Il GDPR abrogherà definitivamente le norme del Codice per la protezione dei dati personali (dlgs.n. 196/2003), conosciuto come “Codice Privacy”.

Tutte le info qui: http://www.dirittodellinformatica.it/guida-al-gdpr-regolamento-europeo-sulla-protezione-dei-dati

Il Garante solo poche settimane fa ha confermato questa che è una normativa Europea e non una direttiva quindi ci si dovrà adeguare senza proroghe alcune.
Cambiano alcune cose anche per il web, bisognerà fare diverse modifiche ai siti in essere per evitare pesanti sanzioni, in quanto il trattamento dati sarà diverso.

Riassumendo in breve, ecco cosa cambia.
In pratica, all’interno del sito web, andrà analizzato ogni modulo che raccoglie i dati degli utenti, come:

Moduli di registrazione utenti;
Sezione commenti;
Moduli di contatto;
Analisi dei log del traffico;
Plugin utilizzati;
Tools di email marketing.

Il mio porre particolare attenzione all’argomento deriva però dal fatto che le sanzioni per chi non si adegua, che partiranno appunto dal 25 maggio 2018, saranno salatissime: fino a 20 milioni di euro o al 4% del fatturato medio dell’anno precedente, se si superano i 20 milioni di euro.

Lo schema che viene seguito è piuttosto semplice: “da 10.000 € a 120.000 € per ogni singola violazione“.

Detto questo, ci sono 3 possibilità, e non staremo molto a girarci attorno:

1) non si fa niente, ma in questo caso CI SI PRENDE LA RESPONSABILITÀ (ergo, nel caso di una multa, lo sviluppatore non risulta responsabile avendo informato sulle modifiche da farsi).
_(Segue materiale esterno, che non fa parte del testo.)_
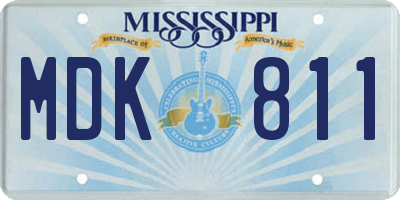 MS license plate MDK811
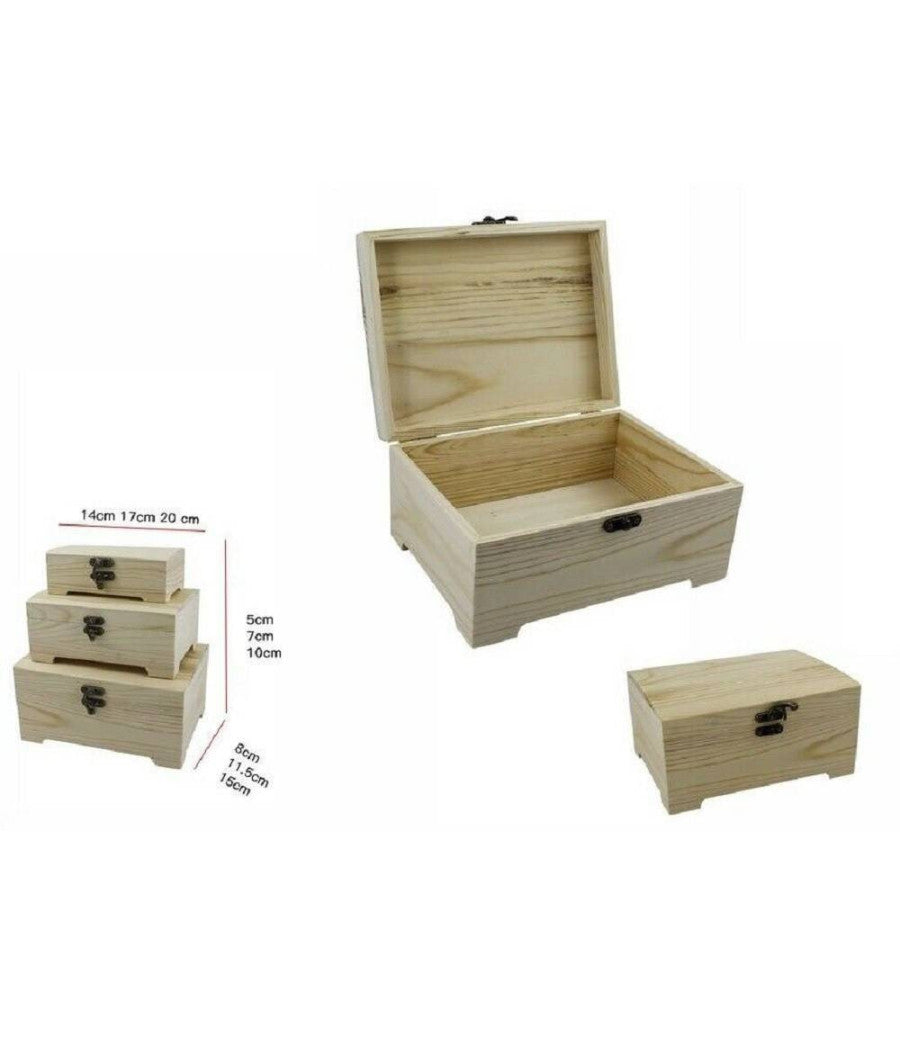 Set 3 scatole in legno dipinger decoupage portagioie matrioska scatola cofanetto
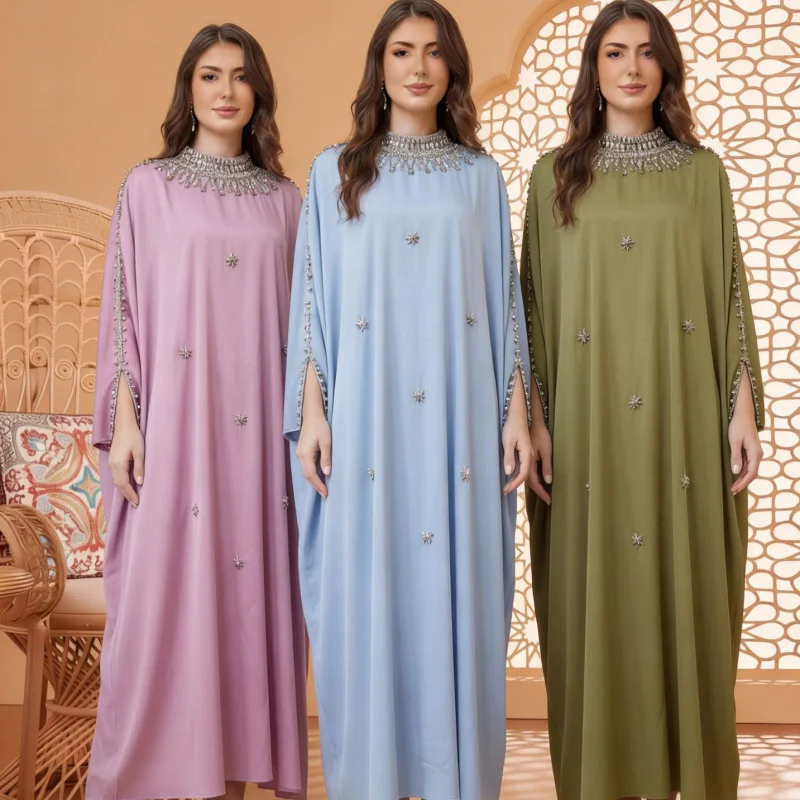 

Abaya Dress Women Eid Muslim Dubai Kaftan Party Dresses Jalabiya Vestidos Diamonds Abayas Ramadan Morocco Islam Long Robe 2026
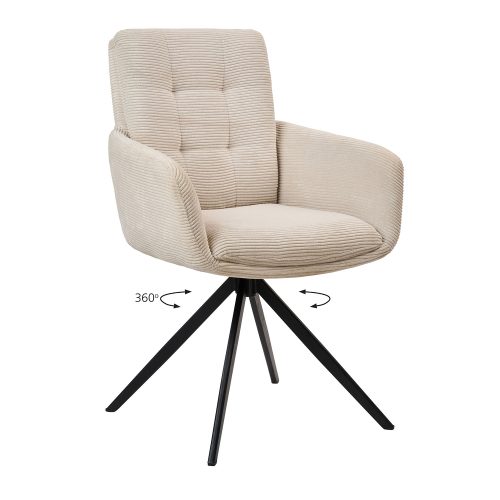 300-375_01 Πολυθρόνα Soren Κρεμ 58 x 64 x 89 Μέταλλο, Ύφασμα 300-375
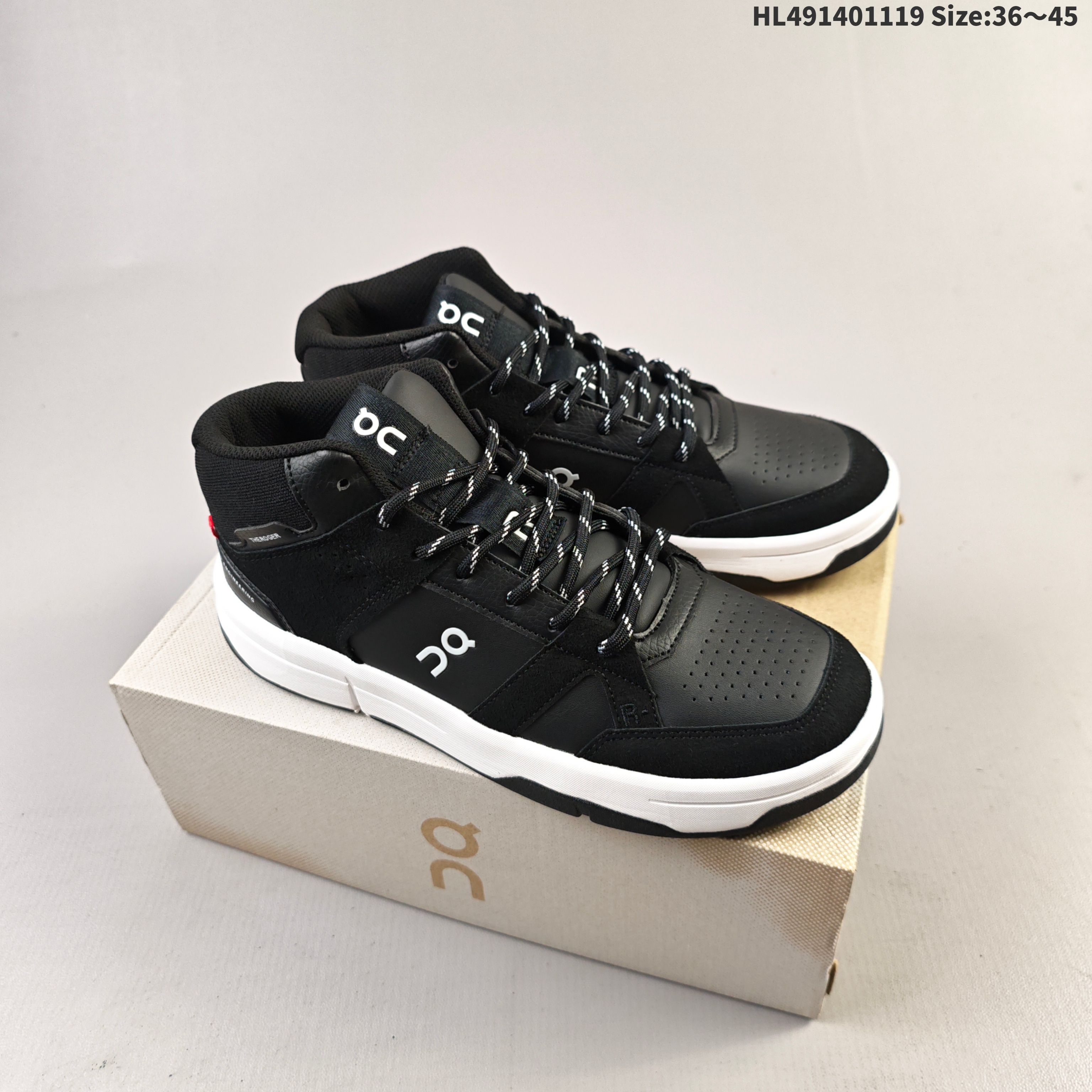 On THE ROGER Clubhouse Mid Black White EU 36-45 Sneaker Casual Sneakers - Unisex BS-69802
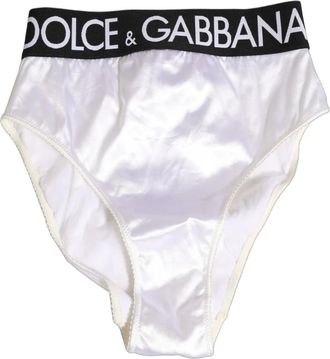 Dolce & Gabbana Ondergoed, Dames, Wit, S, Nylon, Satin High-Waist Brief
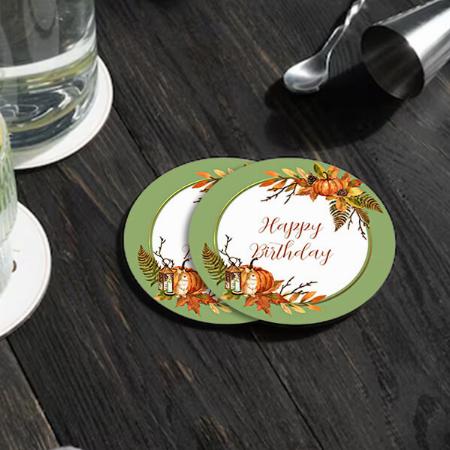 Bunny And Pumpkins Design Customized Photo Printed Circle Tea & Coffee Coasters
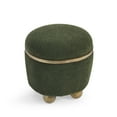 thumbnail image 5 of Hassch Round Ottoman with Storage, Loop Yarn Fabric Upholstered Storage Bench with Cushioned Seating for Bedroom, Living Room, 18.11"L x 16.14"W x 18.5"H, Dark Green, 5 of 8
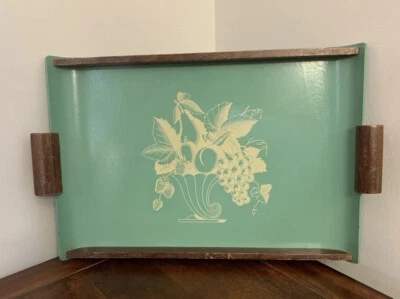 装饰 Cornucopia 设计木质 MCM 服务托盘两个手柄拼盘青蓝色 — 第 1/4 张图片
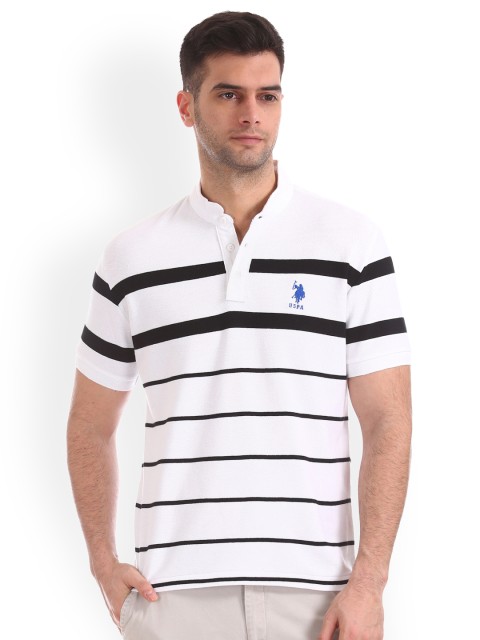 

U.S. Polo Assn. Men White Striped Mandarin Collar T-shirt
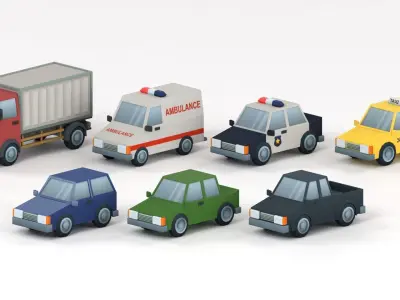 Cartoon Low Poly Car Pack Low-poly 3D model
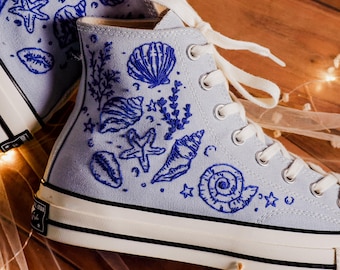 Ocean Lover’s Converse, Custom Seashells, Starfish & Sea Snail Embroidered Converse, Ocean Vibes Embroidered Sneakers, Beach Vibes Shoes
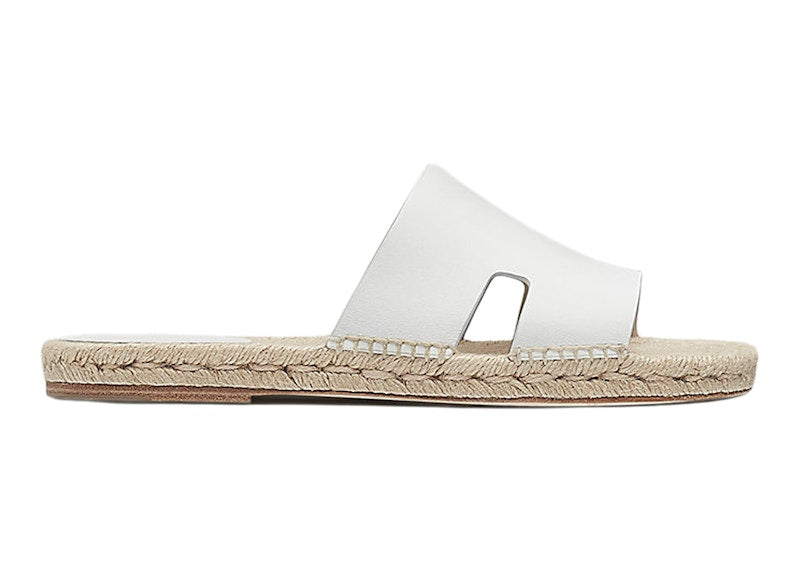 Hermes Antigua Espadrille Blanc Calfskin Leather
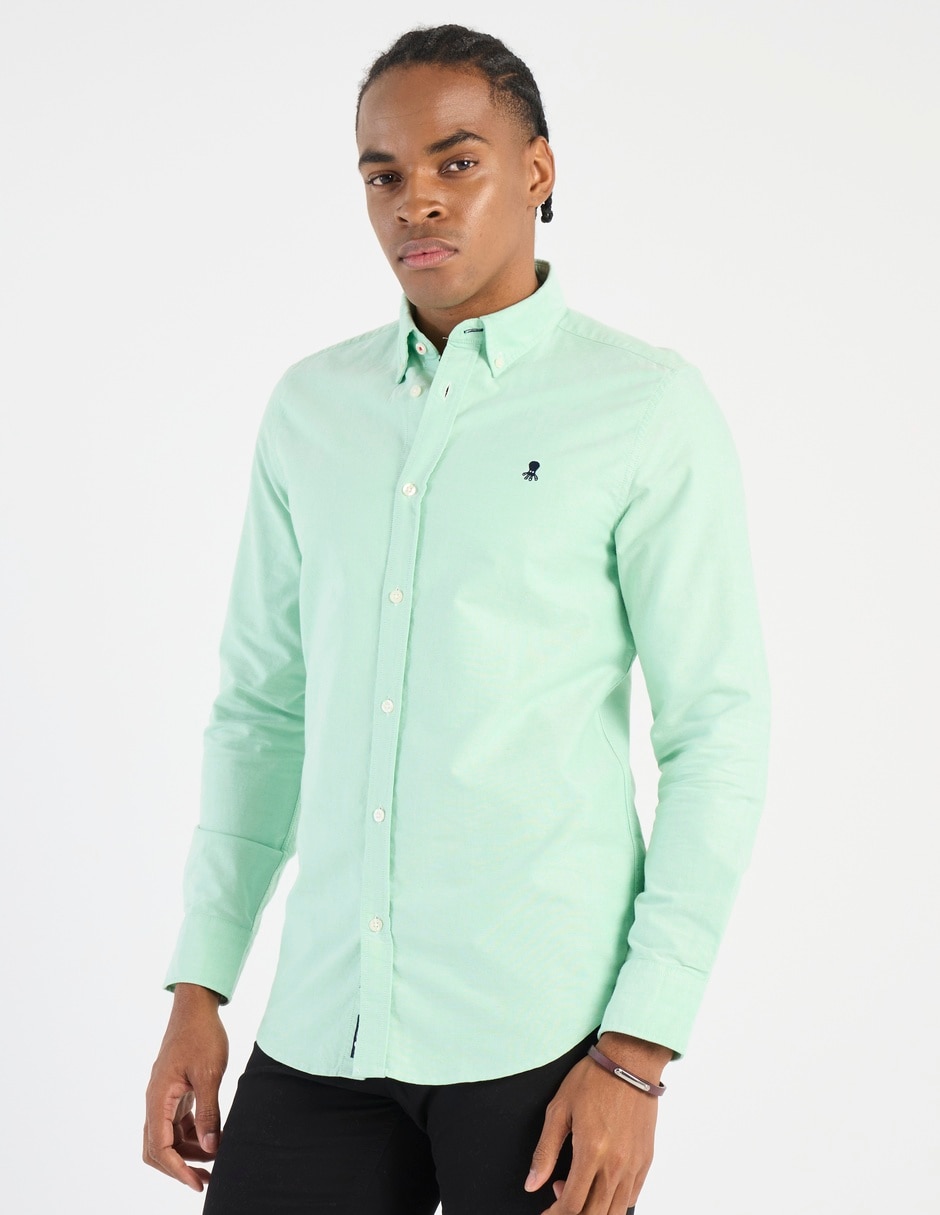 Camisa casual de algodón manga larga para hombre 1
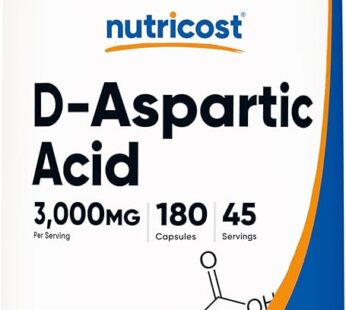 Nutricost D-Aspartic Acid (DAA) Capsules 3000mg Per Serving (180 Capsules) – Non-GMO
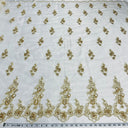 Beaded Corded Floral Bridal Lace Fabric 54"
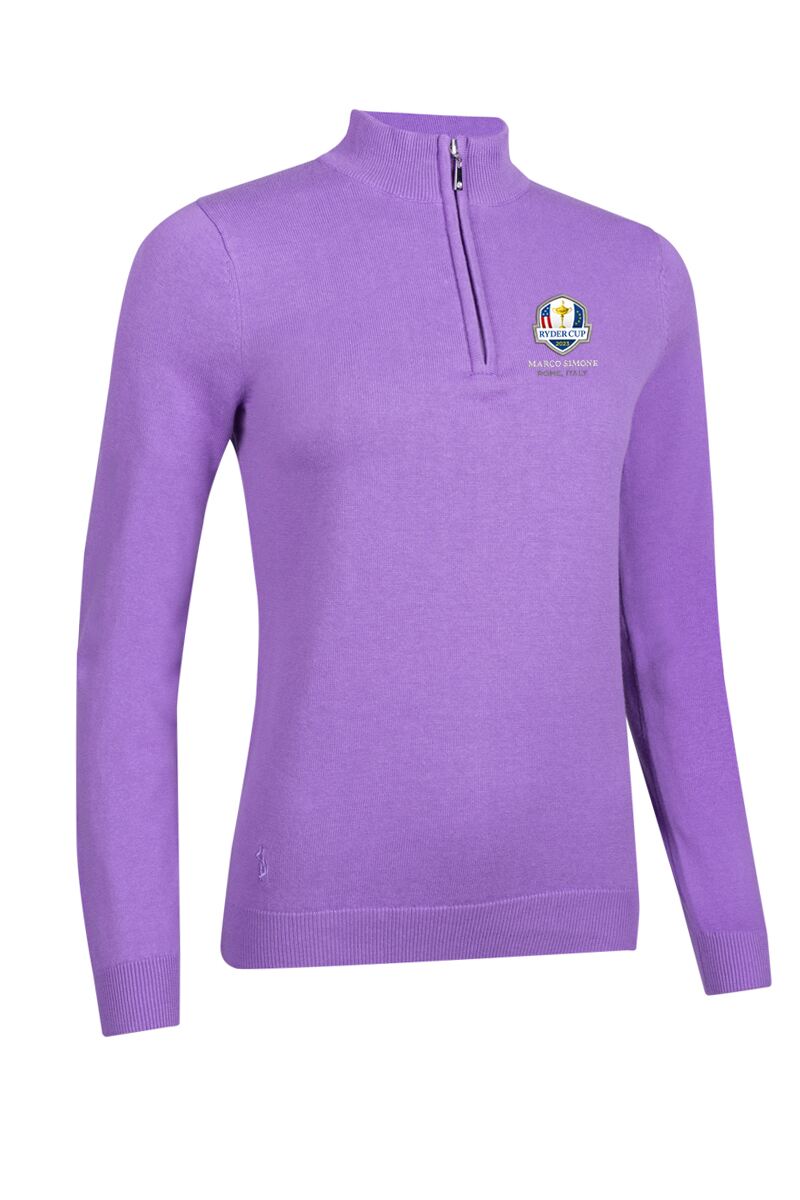 Official Ryder Cup 2025 Ladies Quarter Zip Cotton Golf Sweater Amethyst M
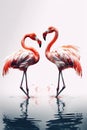 Banner idea, pink flamingos dancing in water, vertical format watercolor poster idea Royalty Free Stock Photo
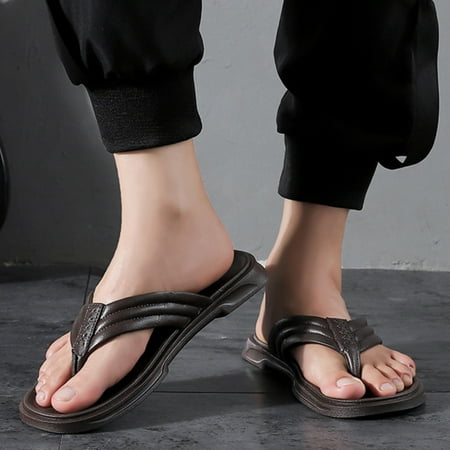 

Vedolay 2023 Summer Slippers Slides for Men Unisex Cloud Slippers Adult Novelty Beach with Thick Sole Brown 8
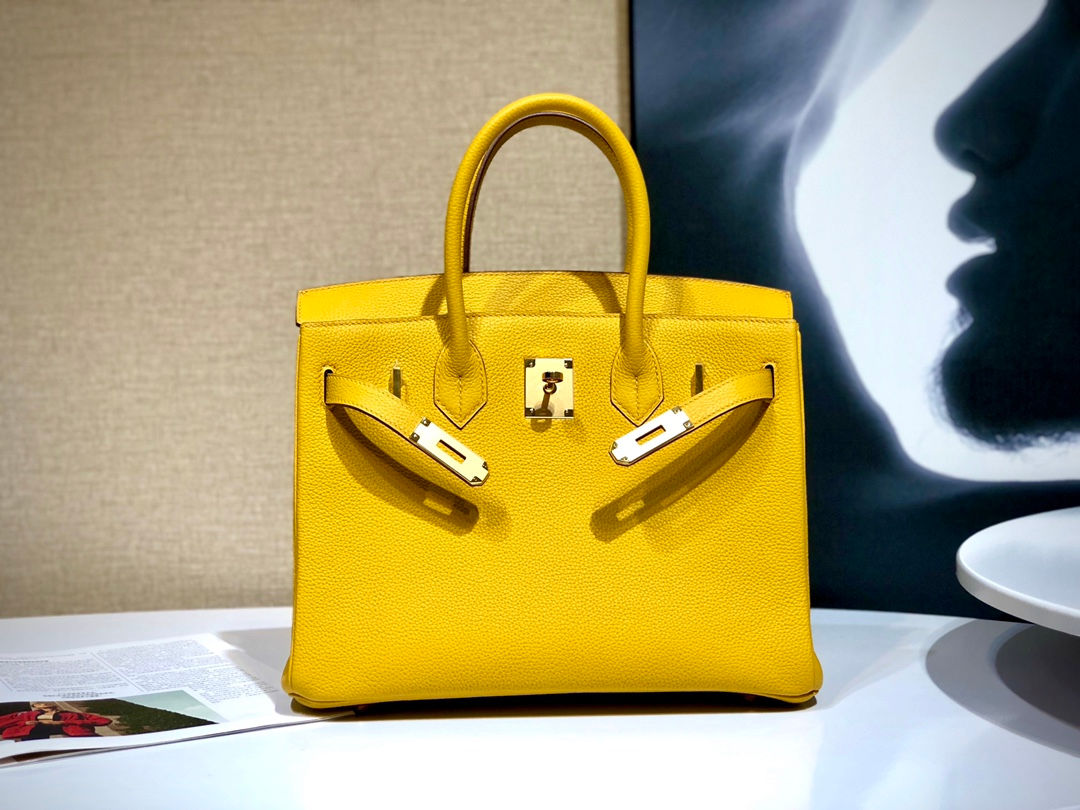 HERMES BIRKIN 30 TOGO JAUNE AMBER GHW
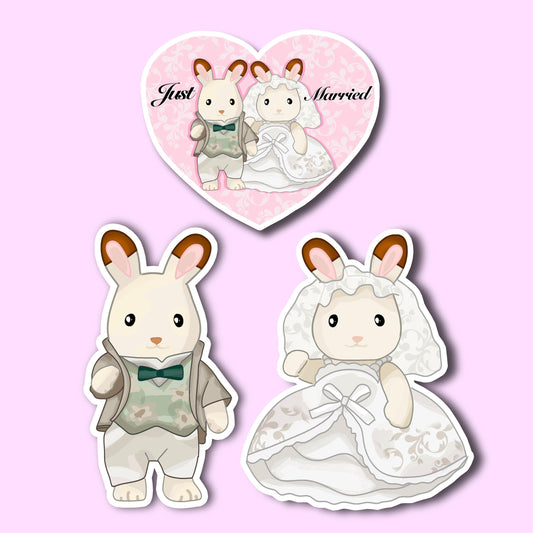 Bunny Wedding Bride And Groom Sticker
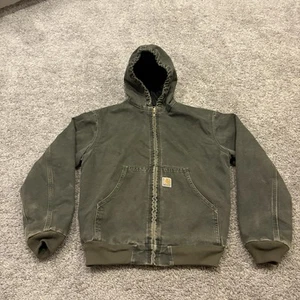 Vintage Carhartt Canvas Hooded Full Zip Jacket Youth/Kids Large Y06-MOS - Picture 1 of 6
2) si fanno le modifiche necessarie installando una nuova soluzione per i cookie (ci sono parecchie soluzioni sul mercato) + si fanno le modifiche necessarie al sito (da valutare in ogni singolo caso).  A questo si aggiunge, già che si lavora, di passare il sito al protocollo HTTPS (CONSIGLIATISSIMO da luglio). Ancora non ne sai niente? Continua a leggere.

Come detto sopra, a luglio si DOVREBBERO passare tutti i domini http in https per non essere segnalati come NON SICURI da Google Chrome (che movimenta il 60% delle visualizzazioni mondiali) e sarà appunto un lavoro da fare A MENO CHE ACCETTINO DI AVERE UN SITO SEGNALATO COME NON SICURO ma anche qui, come sopra, si prendono le responsabilità del caso.

Molti dei siti creati prima di gennaio 2018 infatti non sono stati realizzati in https, essendo uscita la comunicazione di Google solo a gennaio (https://sphaera.agency/web/chrome-segnalera-siti-http-non-sicuri-cosa-cambia/)

Alla fine di tutto questo, cosa succederà da qui a luglio?

– 25 maggio scadenza GDPR
– luglio Chrome segnalerà siti non HTTPS come non sicuri

A quali costi andrà incontro il cliente?
Il trasferimento http/https non sarà particolarmente oneroso.

Per quanto riguarda il GDPR si dovrà analizzare ogni singolo caso, a causa del costo per installazione + primo anno cookies + lavoro variabile a seconda del progetto da aggiornare, a seconda delle ore di lavoro.

Insomma, che ci piaccia o no, quando si gioca molto spesso bisogna attenersi a regole scritte da altri. Onerose, il più delle volte. Quindi anche in questo caso, l’onere va ai proprietari dei siti da aggiornare per evitare costose sanzioni, appunto.

E voi, siete pronti ad aggiornare il vostro sito?